2.7 Evaluation of the generated protein-binding RNAs
We employed a fine-tuned version of GenerRNA to generate protein-binding RNAs de novo. The decoding parameters used during sequence generation were consistent with those applied in our pre-tuning experiments. The number of sequences generated was equivalent to those in our curated test set.
We trained DeepClip over ten epochs, selecting the checkpoint that demonstrated the best performance on the validation set. We then computed binding affinity scores for three distinct sequence datasets: 1. Dataset Generated by GenerRNA, 2. Positive (binding) testset, and 3. Negative (background) testset. These affinity scores ranged from a minimum of 0 up to a maximum of 1.0, where a higher score indicates a stronger binding affinity. It should be emphasized that for each specific target protein, the fine-tuning and evaluation of GenerRNA were conducted independently, ensuring tailored optimization for each protein-binding RNA.
In addition to evaluating the affinity of the generated protein-binding RNA, we also conducted a homology search between the generated sequences and existing sequences using nhmmer. We designated the curated protein-binding RNA dataset as a database, with all generated RNA specific to that protein serving as the query. We intentionally set a relatively relaxed threshold to enhance the sensitivity for alignments (S1 Table in S1 File).

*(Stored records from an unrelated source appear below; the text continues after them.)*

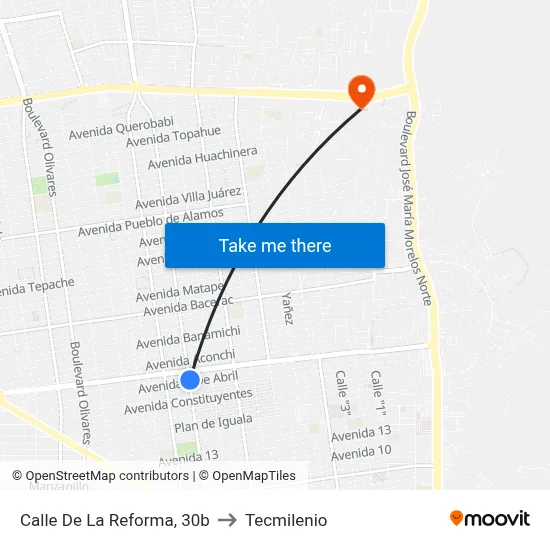 Calle De La Reforma, 30b to Tecmilenio map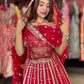 Deep Red Bridal Lehenga with Heavy Gold Embroidery & Dupatta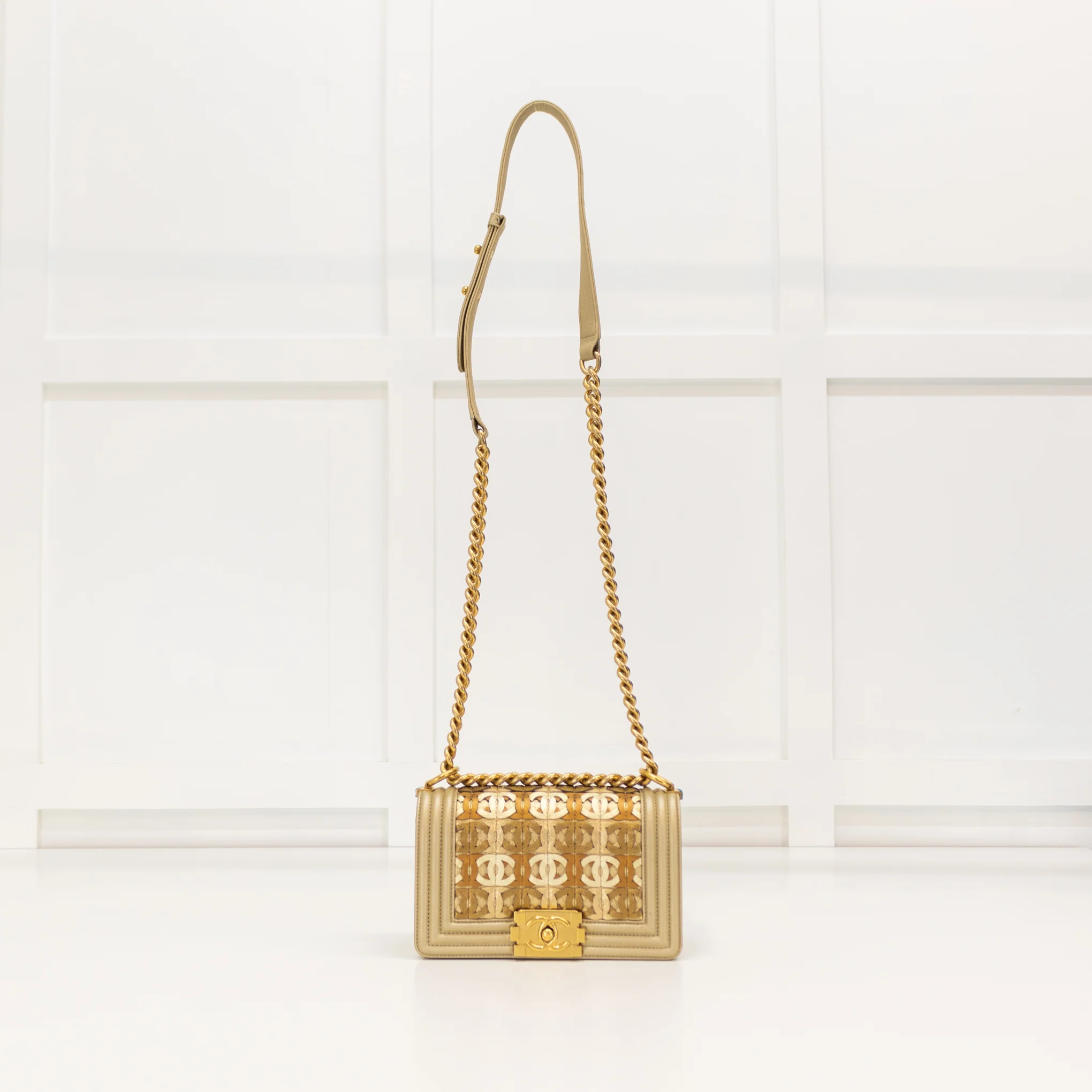 Chanel Gold Calfskin Paris Dubai Small Boy Bag - Image 7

Furthermore, we attempted to evaluate similar existing RNA generation models for comparison. However, it was not feasible to construct a truly meaningful multiple sequence alignment and covariance model (CM) based on our curated dataset, which prevented us from applying RfamGEN to this task. On the other hand, RNAGEN is capable of incorporating other constraint models to optimize target features and also supports direct training on RNA sequence datasets without relying on external knowledge. Therefore, we trained RNAGEN on the same dataset as GenerRNA, subsequently evaluating the generated sequences using the same methods.
2.8 Ablation study
Typically, large-scale model pre-training enhances a model’s generalization performance and robustness. It enables us to fine-tune the model with fewer computational resources and reduced data, facilitating the transfer of acquired knowledge to specific subtasks.
Here, we conducted an ablation study to assess the impact of large-scale pre-training in the context of RNA sequence generation. We trained a model from scratch on protein-binding RNAs, intentionally bypassing large-scale pre-training, to serve as a control in the ablation group. The model architecture employed was consistent with that used in previous experiments. However, due to the relatively small amount of training data compared to the number of model parameters, rapid overfitting was anticipated. We adjusted the learning hyperparameters and implemented an early stopping strategy to mitigate overfitting. Subsequently, we utilized the ablation model and the fine-tuned GenerRNA to independently generate 1000 sequences each. These sequences were then subjected to homology searches using nhmmer, targeting a database containing RNA sequences that bind to the target protein. The parameter settings for nhmmer were identical to those introduced in the previous section.
3 Results
3.1 Sampling strategies
Various natural language processing tasks exhibit a propensity for distinct sampling strategies. By measuring the KL divergence in nucleotide distribution between generated and natural sequences, we identified the most suitable sampling strategies and parameters for generating natural-like RNAs.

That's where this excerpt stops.